Egyptian President Morsi didn't just fire Tantawi today. He overturned a constitutional declaration from Tantawi's military council that sought to tie the hands of the civilian president.
The expected showdown between Egyptian President Mohamed Morsi and the military establishment that has consistently maneuvered to preserve its own power and privilege arrived today, far sooner than almost everyone expected.
President Morsi, from the Muslim Brotherhood, sacked Defense Minister Mohamed Hussein Tantawi, who had headed the Supreme Council of the Armed Forces (SCAF), the junta that ran Egypt from the time Hosni Mubarak was ousted in February 2011 until Morsi's election earlier this year.
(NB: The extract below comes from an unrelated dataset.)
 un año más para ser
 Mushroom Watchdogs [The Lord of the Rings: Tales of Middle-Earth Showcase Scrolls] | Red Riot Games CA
Also fired were the acting chiefs of Egypt's military branches, who all served on the council. Morsi also unilaterally annulled constitutional declarations issued by SCAF that had taken the power to legislate out of Morsi's hands.
The reaction so far from the military? None.
There have been no statements, no mobilization of troops, no evidence that they're going to stand up to Egypt's first elected civilian president. The Muslim Brotherhood, a movement that was outlawed for decades and that the security establishment of Egypt was focused on containing for over 50 years, now theoretically holds all the formal political power in the Arab world's largest country. He can legislate, nominate members of the constitutional drafting committee, set foreign policy, and apparently shuffle the senior ranks of the military at will.